My parents aren't followers of Jesus and, as far as I know, they have never seriously entered a church aside from funerals and weddings.
But my parents were always, at least externally, okay with me going to church and being involved in church activities.
Maybe they were just happy that I wasn't in a gang and hooked on drugs, or perhaps I got lucky.
But I know, and have witnessed, many families who are much more combustible when it comes to church attendance.
So... Should a teen lie to their parents about attending church? Should they say they are going to "hang at a friends house" when they are actually going to youth group?
I've had arguments about this topic before and understand that this is an issue with a LOT of grey.
But the first part of my response is easy. Don't lie. If you deceive your folks and they find out, you're busted and actually hurt both your chances to attend church in the future and the witness you will have before your parents.

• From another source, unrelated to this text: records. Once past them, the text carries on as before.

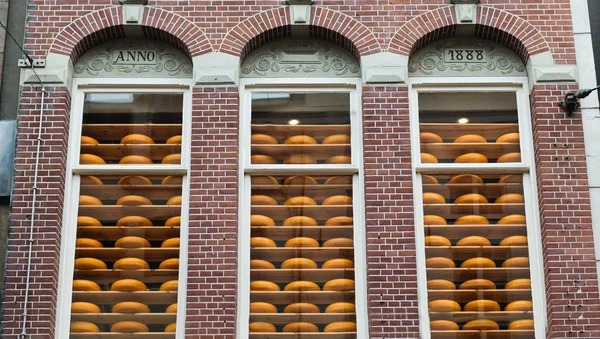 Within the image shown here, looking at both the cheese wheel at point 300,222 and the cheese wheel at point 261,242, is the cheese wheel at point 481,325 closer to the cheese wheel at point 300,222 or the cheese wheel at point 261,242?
the cheese wheel at point 300,222

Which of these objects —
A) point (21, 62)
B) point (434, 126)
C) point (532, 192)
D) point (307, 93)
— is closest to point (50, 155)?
point (21, 62)

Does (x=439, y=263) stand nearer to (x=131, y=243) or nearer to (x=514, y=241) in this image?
(x=514, y=241)

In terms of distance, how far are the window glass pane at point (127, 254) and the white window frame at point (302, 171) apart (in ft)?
2.76

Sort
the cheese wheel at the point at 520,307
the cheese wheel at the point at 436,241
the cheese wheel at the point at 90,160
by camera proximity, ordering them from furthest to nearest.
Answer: the cheese wheel at the point at 90,160, the cheese wheel at the point at 436,241, the cheese wheel at the point at 520,307

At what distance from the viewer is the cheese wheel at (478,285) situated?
45.7 feet

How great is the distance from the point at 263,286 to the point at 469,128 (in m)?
3.58

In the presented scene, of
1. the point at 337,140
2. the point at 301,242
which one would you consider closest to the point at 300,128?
the point at 337,140

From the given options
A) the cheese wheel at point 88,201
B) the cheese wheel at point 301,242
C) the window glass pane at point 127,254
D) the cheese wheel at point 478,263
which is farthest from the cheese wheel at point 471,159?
the cheese wheel at point 88,201

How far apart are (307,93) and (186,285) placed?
10.5 feet

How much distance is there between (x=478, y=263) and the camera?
14.1 metres

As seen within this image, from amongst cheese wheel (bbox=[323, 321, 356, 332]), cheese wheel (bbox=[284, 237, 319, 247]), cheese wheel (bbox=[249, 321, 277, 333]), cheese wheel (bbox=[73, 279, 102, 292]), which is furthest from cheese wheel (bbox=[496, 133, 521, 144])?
cheese wheel (bbox=[73, 279, 102, 292])

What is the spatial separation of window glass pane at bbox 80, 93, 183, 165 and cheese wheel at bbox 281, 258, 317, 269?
2026 mm

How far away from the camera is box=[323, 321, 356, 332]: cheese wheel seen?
13.7 metres

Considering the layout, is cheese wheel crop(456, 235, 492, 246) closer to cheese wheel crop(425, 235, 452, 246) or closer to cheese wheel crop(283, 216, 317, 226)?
cheese wheel crop(425, 235, 452, 246) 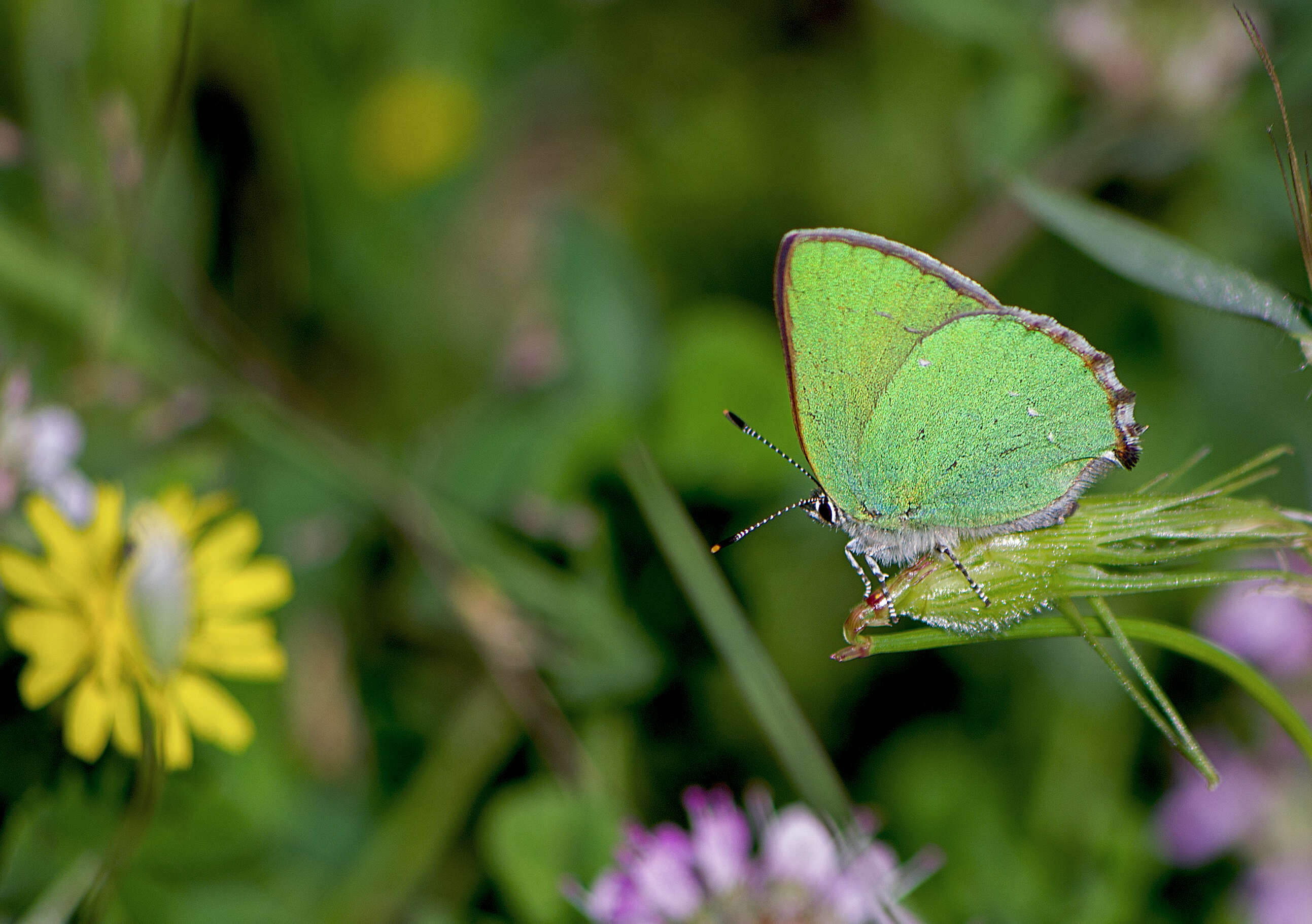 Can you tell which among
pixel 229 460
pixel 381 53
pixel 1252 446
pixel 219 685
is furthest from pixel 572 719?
pixel 381 53

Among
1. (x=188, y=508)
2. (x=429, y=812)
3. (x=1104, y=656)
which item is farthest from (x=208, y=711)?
(x=1104, y=656)

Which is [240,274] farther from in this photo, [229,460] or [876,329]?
[876,329]

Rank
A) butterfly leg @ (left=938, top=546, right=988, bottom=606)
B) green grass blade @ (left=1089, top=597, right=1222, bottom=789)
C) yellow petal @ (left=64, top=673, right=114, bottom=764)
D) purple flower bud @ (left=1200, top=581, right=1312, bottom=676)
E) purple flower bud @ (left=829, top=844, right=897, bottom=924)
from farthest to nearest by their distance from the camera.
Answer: purple flower bud @ (left=1200, top=581, right=1312, bottom=676) < purple flower bud @ (left=829, top=844, right=897, bottom=924) < yellow petal @ (left=64, top=673, right=114, bottom=764) < butterfly leg @ (left=938, top=546, right=988, bottom=606) < green grass blade @ (left=1089, top=597, right=1222, bottom=789)

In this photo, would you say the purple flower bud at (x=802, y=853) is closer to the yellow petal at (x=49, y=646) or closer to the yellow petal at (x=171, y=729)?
the yellow petal at (x=171, y=729)

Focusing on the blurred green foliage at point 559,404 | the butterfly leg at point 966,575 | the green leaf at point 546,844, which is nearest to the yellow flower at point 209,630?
the blurred green foliage at point 559,404

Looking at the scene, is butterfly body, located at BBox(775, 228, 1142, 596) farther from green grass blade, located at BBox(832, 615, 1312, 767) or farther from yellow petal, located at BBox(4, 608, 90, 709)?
yellow petal, located at BBox(4, 608, 90, 709)

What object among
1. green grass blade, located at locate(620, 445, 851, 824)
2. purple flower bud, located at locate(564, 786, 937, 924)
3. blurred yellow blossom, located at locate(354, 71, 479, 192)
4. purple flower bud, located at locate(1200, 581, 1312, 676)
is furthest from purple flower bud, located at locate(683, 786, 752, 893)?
blurred yellow blossom, located at locate(354, 71, 479, 192)

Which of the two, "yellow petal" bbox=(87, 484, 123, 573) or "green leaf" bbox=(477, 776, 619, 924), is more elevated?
"yellow petal" bbox=(87, 484, 123, 573) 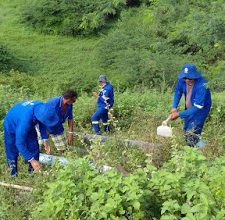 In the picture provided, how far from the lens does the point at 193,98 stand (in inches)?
292

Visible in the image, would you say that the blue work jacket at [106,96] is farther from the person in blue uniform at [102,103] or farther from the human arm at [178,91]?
the human arm at [178,91]

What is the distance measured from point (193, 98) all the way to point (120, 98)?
2.49 meters

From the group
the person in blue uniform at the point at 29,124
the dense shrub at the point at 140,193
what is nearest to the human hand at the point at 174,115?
the person in blue uniform at the point at 29,124

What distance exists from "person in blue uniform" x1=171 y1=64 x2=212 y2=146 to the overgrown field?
0.72ft

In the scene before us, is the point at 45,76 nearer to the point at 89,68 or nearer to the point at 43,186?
the point at 89,68

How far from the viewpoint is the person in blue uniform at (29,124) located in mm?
6219

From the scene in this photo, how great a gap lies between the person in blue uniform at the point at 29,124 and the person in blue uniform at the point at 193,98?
207 centimetres

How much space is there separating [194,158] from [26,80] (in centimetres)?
1021

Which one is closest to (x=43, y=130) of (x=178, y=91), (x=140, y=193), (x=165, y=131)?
(x=165, y=131)

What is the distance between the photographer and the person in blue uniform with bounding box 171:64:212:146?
23.6ft

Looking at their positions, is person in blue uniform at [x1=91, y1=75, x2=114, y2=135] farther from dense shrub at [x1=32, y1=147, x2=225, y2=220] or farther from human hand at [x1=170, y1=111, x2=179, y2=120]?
dense shrub at [x1=32, y1=147, x2=225, y2=220]

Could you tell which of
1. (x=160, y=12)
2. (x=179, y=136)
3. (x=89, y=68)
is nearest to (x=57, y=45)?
(x=89, y=68)

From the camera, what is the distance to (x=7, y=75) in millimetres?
14672

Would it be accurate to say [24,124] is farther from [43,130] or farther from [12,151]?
[12,151]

My second response is more controversial. If parents,who are loving and should be looking out for what they feel is best for their kids, will not allow their child to attend church, then they shouldn't go.
I believe that this falls under the "honour your parents" guidelines which believers are instructed to follow.

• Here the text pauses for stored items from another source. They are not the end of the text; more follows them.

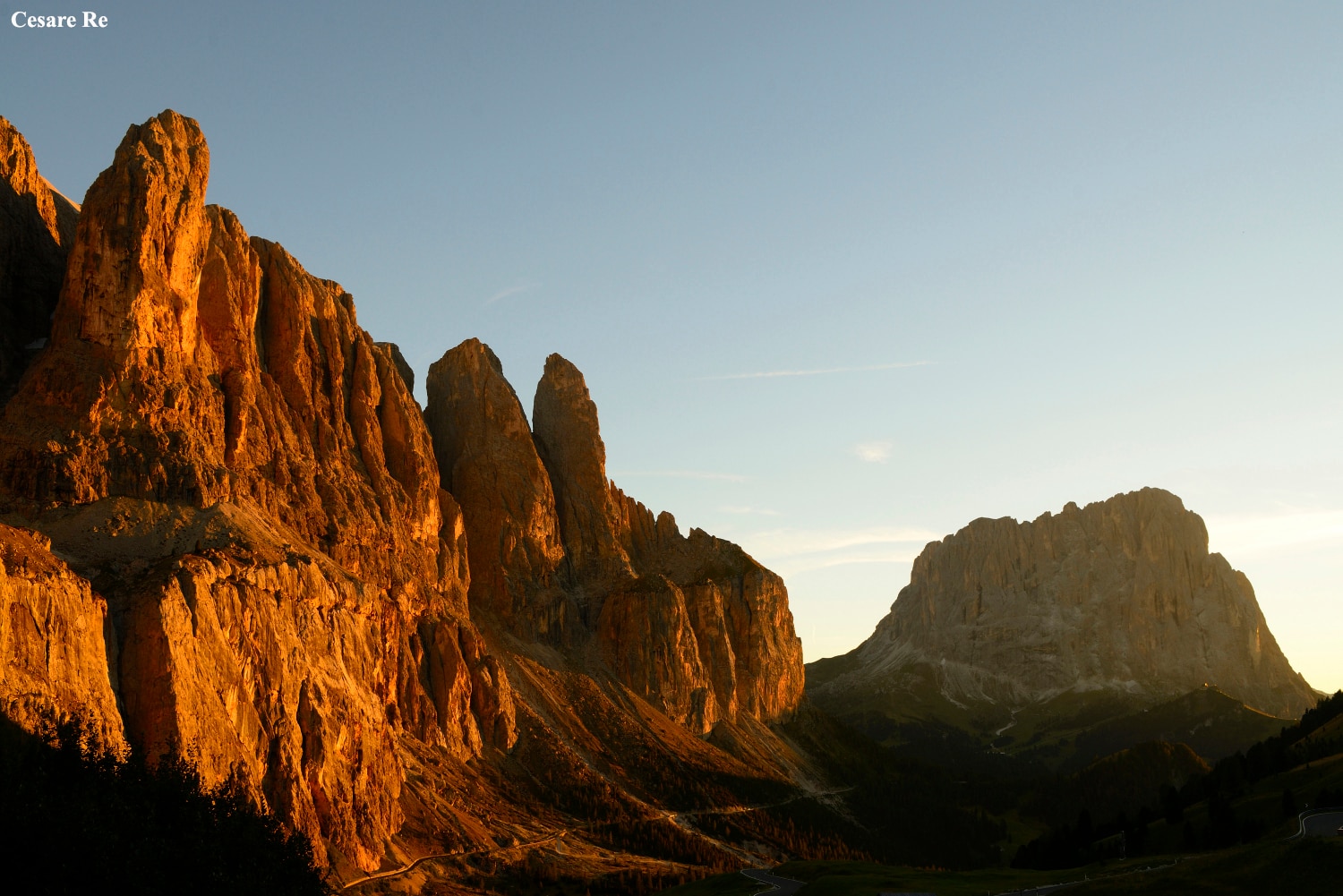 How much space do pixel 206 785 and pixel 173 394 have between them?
50.0 metres

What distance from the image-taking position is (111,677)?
3612 inches

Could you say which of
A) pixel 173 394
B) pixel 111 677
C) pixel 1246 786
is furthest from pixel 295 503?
pixel 1246 786

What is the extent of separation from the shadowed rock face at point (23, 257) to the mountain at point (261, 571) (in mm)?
383

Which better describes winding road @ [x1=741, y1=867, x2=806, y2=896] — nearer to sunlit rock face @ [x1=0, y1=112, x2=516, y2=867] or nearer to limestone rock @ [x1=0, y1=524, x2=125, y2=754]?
sunlit rock face @ [x1=0, y1=112, x2=516, y2=867]

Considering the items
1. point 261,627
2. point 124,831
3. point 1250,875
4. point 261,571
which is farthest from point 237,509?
point 1250,875

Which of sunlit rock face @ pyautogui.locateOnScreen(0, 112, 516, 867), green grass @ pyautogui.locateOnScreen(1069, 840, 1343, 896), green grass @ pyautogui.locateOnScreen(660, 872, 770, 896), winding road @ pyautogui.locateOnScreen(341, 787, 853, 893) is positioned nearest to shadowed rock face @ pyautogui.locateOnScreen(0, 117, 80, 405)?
sunlit rock face @ pyautogui.locateOnScreen(0, 112, 516, 867)

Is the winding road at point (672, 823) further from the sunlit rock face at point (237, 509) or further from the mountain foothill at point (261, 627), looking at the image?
the sunlit rock face at point (237, 509)

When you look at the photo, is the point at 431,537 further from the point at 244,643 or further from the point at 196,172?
the point at 244,643

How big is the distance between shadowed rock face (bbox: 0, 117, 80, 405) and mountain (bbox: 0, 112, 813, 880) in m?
0.38

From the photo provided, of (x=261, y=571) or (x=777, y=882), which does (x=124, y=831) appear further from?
(x=777, y=882)

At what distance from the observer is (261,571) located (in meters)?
112

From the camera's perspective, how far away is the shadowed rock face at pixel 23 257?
12938cm

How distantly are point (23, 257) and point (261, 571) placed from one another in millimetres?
49296

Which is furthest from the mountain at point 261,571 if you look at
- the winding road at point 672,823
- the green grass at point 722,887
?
the green grass at point 722,887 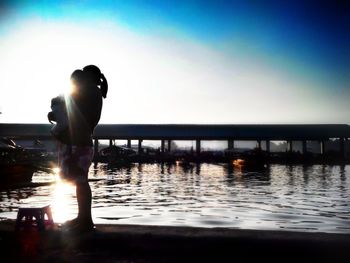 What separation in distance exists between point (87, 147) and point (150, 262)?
1.67m

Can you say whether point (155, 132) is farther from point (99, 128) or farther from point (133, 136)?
point (99, 128)

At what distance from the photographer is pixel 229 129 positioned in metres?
53.4

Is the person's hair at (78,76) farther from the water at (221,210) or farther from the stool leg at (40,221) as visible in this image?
the water at (221,210)

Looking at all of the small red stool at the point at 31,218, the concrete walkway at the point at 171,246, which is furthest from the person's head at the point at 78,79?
the concrete walkway at the point at 171,246

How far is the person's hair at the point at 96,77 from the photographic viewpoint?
13.0 feet

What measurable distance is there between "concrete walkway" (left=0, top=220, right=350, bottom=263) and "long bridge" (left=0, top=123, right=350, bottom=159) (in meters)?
47.8

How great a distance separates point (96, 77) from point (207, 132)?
160 ft

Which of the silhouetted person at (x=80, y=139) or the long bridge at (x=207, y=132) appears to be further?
the long bridge at (x=207, y=132)

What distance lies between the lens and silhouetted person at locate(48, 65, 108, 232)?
3.70 m

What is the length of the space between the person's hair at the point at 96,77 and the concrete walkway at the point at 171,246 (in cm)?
172

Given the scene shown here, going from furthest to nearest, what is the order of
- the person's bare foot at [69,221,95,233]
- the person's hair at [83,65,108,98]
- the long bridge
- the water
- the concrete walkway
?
the long bridge < the water < the person's hair at [83,65,108,98] < the person's bare foot at [69,221,95,233] < the concrete walkway

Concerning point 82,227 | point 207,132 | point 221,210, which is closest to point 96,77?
point 82,227

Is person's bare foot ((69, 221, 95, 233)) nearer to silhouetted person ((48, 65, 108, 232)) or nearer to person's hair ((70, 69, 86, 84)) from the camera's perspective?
silhouetted person ((48, 65, 108, 232))

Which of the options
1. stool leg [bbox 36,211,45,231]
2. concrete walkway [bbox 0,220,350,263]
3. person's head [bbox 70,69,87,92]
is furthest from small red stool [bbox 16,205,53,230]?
person's head [bbox 70,69,87,92]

As a youth minister, that answer can suck to hear. You want kids turning up, having fun and learning more about following God.
But, if we genuinely believe that parents are not the enemy, then (on this point) I think it is worth conceding.
I say this for a few reasons.
First, the discussion is worth having much, much more then maintaining an ongoing deception. If you are honest then you can find out why they are having reservations. Do they think Christians are all crazy brain washers? Do they have something from their past they is affecting their judgement? Are they just wary of new people taking an interest in their kid?
Once you are aware of their mindset then you open the possibility of moving productively forward. If it would help, they can have a chat to the youth leaders.
Second, there are plenty of other options aside from church in helping you grow in your faith. Go to the lunchtime group at school. Engage with the scripture lessons. Read your bible and pray alone or in a small group.
If you're not allowed to go to a weekly event, then perhaps you can negotiate a reasonable middle ground. Only go to youth group or the bigger events which are put on. Aim to attend camp, in place of the weekly meeting.
Either way, aim to live out your faith within your home regardless of their decision. Respect their decision.
Ultimately, one of the people you are trying to reach with your faith are your parents. It would be an incredible shame if the way you behave as a teenager sours your witness for decades to come.
As you get older, and your parents see you living out a Christian lifestyle, your parents might soften their stance (you can gently bring it again in six months) or, once you are able to transport yourself, you can take yourself to church.